Calculate features for molecules. Using call, instead of transform. If ignore_error is True, a list of features and valid ids are returned. Note that most Transfomers allow you to specify a return datatype.

Parameters:

Name	Type	Description	Default
`mols`	`List[Union[Mol, str]]`	Mol or SMILES of the molecules to be transformed	required
`enforce_dtype`	`bool`	whether to enforce the instance dtype in the generated fingerprint	`True`
`ignore_errors`	`bool`	Whether to ignore errors during featurization or raise an error.	`False`
`kwargs`		Named parameters for the transform method	`{}`

Returns:

Name	Type	Description
`feats`		list of valid features
`ids`		all valid molecule positions that did not failed during featurization. Only returned when ignore_errors is True.
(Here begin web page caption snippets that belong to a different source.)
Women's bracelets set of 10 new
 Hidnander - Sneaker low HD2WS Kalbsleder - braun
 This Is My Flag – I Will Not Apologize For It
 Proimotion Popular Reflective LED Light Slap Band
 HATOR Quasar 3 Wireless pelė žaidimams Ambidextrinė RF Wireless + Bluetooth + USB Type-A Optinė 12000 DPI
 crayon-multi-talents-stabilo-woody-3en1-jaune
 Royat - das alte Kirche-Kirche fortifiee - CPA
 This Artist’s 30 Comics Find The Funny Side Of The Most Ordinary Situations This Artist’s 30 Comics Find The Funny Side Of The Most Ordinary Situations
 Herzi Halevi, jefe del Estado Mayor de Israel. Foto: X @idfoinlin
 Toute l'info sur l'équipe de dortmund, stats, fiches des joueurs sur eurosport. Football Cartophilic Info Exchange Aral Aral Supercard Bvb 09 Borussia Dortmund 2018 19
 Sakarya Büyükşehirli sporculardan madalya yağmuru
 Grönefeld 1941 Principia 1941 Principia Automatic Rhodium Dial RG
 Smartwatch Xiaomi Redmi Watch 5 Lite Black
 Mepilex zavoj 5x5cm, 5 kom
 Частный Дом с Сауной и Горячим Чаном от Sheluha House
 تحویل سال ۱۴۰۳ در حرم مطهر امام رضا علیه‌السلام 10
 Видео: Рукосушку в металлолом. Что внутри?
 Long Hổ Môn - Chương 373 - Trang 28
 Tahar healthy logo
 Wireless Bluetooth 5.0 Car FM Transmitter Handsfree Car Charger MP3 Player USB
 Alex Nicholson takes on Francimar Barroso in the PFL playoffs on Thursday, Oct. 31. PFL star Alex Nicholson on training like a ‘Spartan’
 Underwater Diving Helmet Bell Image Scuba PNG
Source code in molfeat/trans/base.py

def __call__(
    self,
    mols: List[Union[dm.Mol, str]],
    enforce_dtype: bool = True,
    ignore_errors: bool = False,
    **kwargs,
):
    r"""
    Calculate features for molecules. Using __call__, instead of transform.
    If ignore_error is True, a list of features and valid ids are returned.
    Note that most Transfomers allow you to specify
    a return datatype.

    Args:
        mols:  Mol or SMILES of the molecules to be transformed
        enforce_dtype: whether to enforce the instance dtype in the generated fingerprint
        ignore_errors: Whether to ignore errors during featurization or raise an error.
        kwargs: Named parameters for the transform method

    Returns:
        feats: list of valid features
        ids: all valid molecule positions that did not failed during featurization.
            Only returned when ignore_errors is True.

    """
    features = self.transform(mols, ignore_errors=ignore_errors, enforce_dtype=False, **kwargs)
    ids = np.arange(len(features))
    if ignore_errors:
        features, ids = self._filter_none(features)
    if self.dtype is not None and enforce_dtype:
        features = datatype.cast(features, dtype=self.dtype, columns=self.columns)
    if not ignore_errors:
        return features
    return features, ids

`batch_transform(transformer: Callable, mols: List[Union[dm.Mol, str]], batch_size: int = 256, n_jobs: Optional[int] = None, concatenate: bool = True, progress: bool = True, leave_progress: bool = False, **parallel_kwargs)` `staticmethod` ¶

Batched computation of featurization of a list of molecules

Parameters:

Name	Type	Description	Default
`transformer`	`Callable`	Fingerprint transformer	required
`mols`	`List[Union[Mol, str]]`	List of molecules to featurize	required
`batch_size`	`int`	Batch size	`256`
`n_jobs`	`Optional[int]`	number of jobs to run in parallel	`None`
`concatenate`	`bool`	Whether to concatenate the results or return the list of batched results	`True`
`progress`	`bool`	whether to show progress bar	`True`
`leave_progress`	`bool`	whether to leave progress bar after completion	`False`
`parallel_kwargs`		additional arguments to pass to dm.parallelized	`{}`

Returns:

Type	Description
	List of batches

Source code in molfeat/trans/base.py

@staticmethod
def batch_transform(
    transformer: Callable,
    mols: List[Union[dm.Mol, str]],
    batch_size: int = 256,
    n_jobs: Optional[int] = None,
    concatenate: bool = True,
    progress: bool = True,
    leave_progress: bool = False,
    **parallel_kwargs,
):
    """
    Batched computation of featurization of a list of molecules

    Args:
        transformer: Fingerprint transformer
        mols: List of molecules to featurize
        batch_size: Batch size
        n_jobs: number of jobs to run in parallel
        concatenate: Whether to concatenate the results or return the list of batched results
        progress: whether to show progress bar
        leave_progress: whether to leave progress bar after completion
        parallel_kwargs: additional arguments to pass to dm.parallelized

    Returns:
        List of batches
    """

    step_size = int(np.ceil(len(mols) / batch_size))
    batched_mols = np.array_split(mols, step_size)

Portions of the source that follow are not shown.